Against the health care mandate

April 5, 2012

Helen Redmond argues that those who support health care for all should be in favor of the Supreme Court striking down the health care law's individual mandate.

IN A highly charged and polarizing case, the Supreme Court heard a series of legal challenges to President Obama's Patient Protection and Affordable Care Act (ACA). The case was brought to the high court by 26 Republican-led states that are hell-bent on a showdown with the Obama administration, even though the legislation is supported by the health insurance industry.

That's right. The insurance industry is in favor of the ACA because they wrote it. Liz Fowler, a former vice president of WellPoint, wrote much of the Senate bill that became the ACA.

The insurance industry, captained by Karen Ignagni, the president and CEO of America's Health Insurance Plans (AHIP), understood that small changes to the market were unavoidable given the scale of the crisis and its impact on the economy. From the start of the health care reform debate, the industry won its most critical demand--the individual mandate that candidate Obama opposed, but President Obama fully supported.

James Morone, author of The Heart of Power: Health and Politics in the Oval Office, said of the ACA, "This is a bill that actually helps the insurance industry. It's like Franklin Roosevelt saving the banks. It's like lots of other examples in American history where the industry is actually helped and protected from some of the more outraged critics--in this case, people demanding single payer."

The individual mandate is cause for outrage.
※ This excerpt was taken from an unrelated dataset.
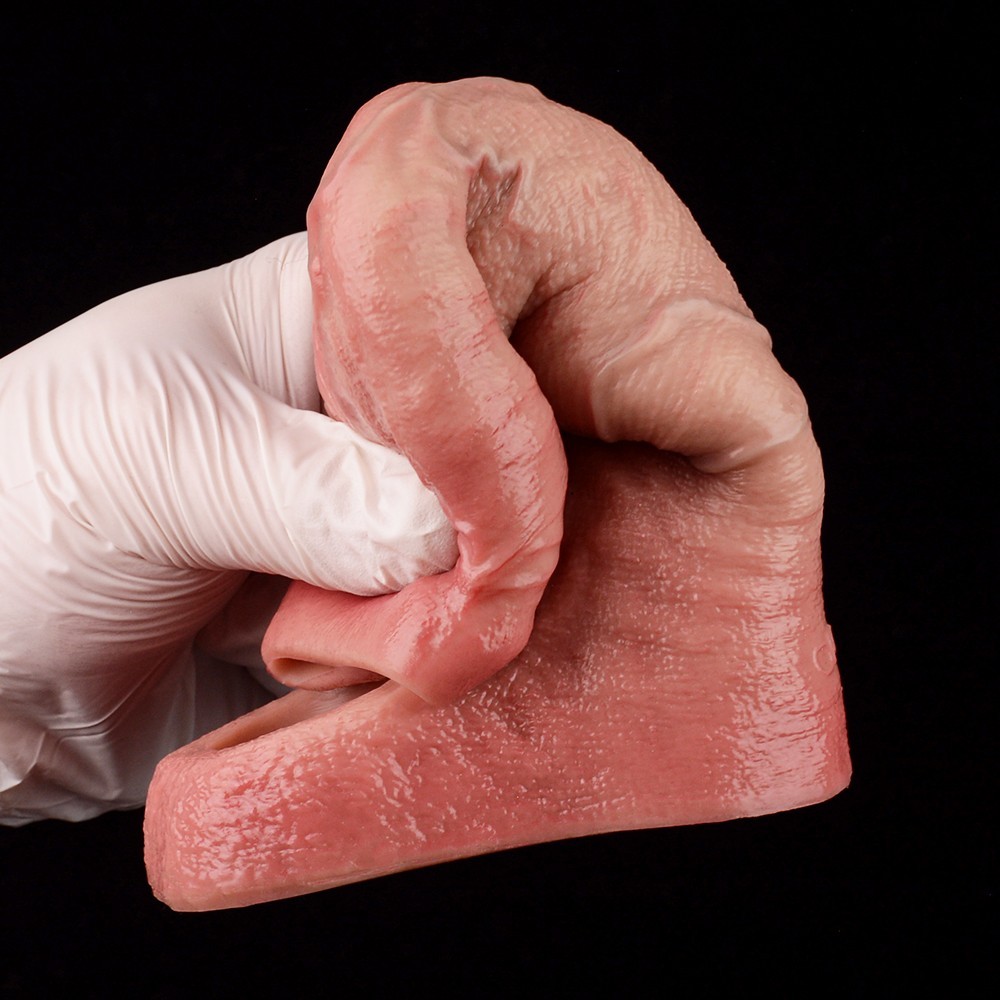 Open-ended Realistic Penis Sleeve With Inner Thread Silicone Enlarge Sheath Men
It will force millions of people who don't qualify for government-funded health care or an employment-based plan to buy coverage from the insurance industry, or be penalized with a fine if they don't. The mandate will hold millions of people hostage to the very industry that is responsible for the health care crisis that leaves 52 million uninsured, a record number of bankruptcies due to unpaid medical bills, and whose routine denial of treatment has resulted in disability and death.

The industry is drooling at the opportunity to sell unaffordable underinsurance to millions of new, coerced customers, and get $447 billion in taxpayer subsidy money to do it.
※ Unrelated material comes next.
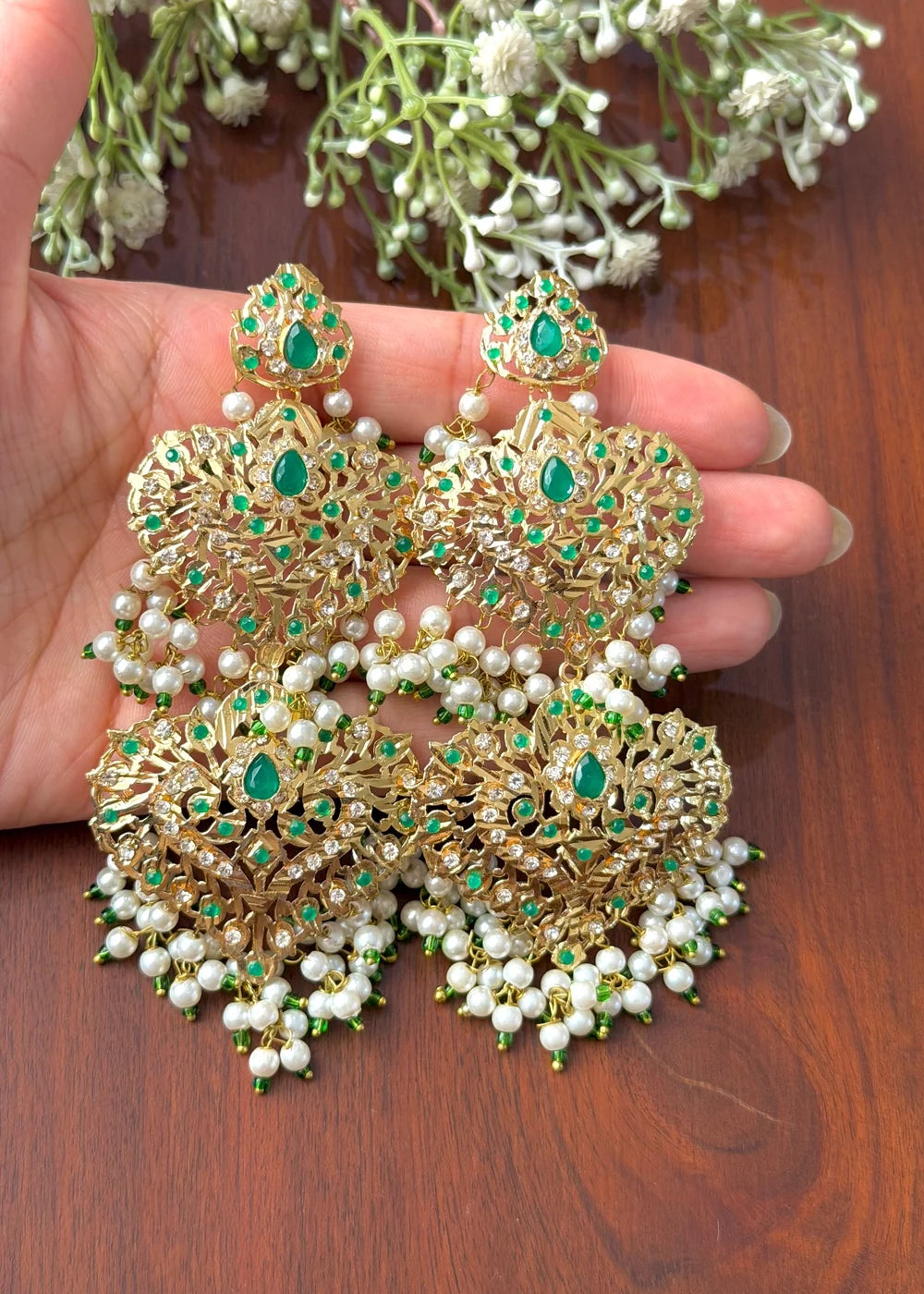 Hyderabadi Long Emerald Earrings GT102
The health insurers demanded the individual mandate in exchange for selling health coverage to people with pre-existing conditions. In the Orwellian market of for-profit health care, those who need health care the most are avoided because they actually use health care services. That cuts into profit margins.

The industry's solution to this conundrum is to force younger, healthier people who use less health care to join the "pool" and buy skimpy, expensive coverage to spread the "risk" in order to ensure continued high return rates to Wall Street investors.

And the insurers will still be able to discriminate against people with pre-existing conditions because there are no cost controls in the ACA. They can charge more for a premium based on age and for certain health conditions like diabetes, obesity and high blood pressure. The unregulated, predatory pricing of insurance premiums is the way the industry will compensate for having to sell coverage to people with pre-existing conditions.

The Supreme Court should strike down the individual mandate and deprive the profit-gouging vampires of yet more victims. The justices should rule it unconstitutional to compel people to buy a private, for-profit, corporate controlled commodity.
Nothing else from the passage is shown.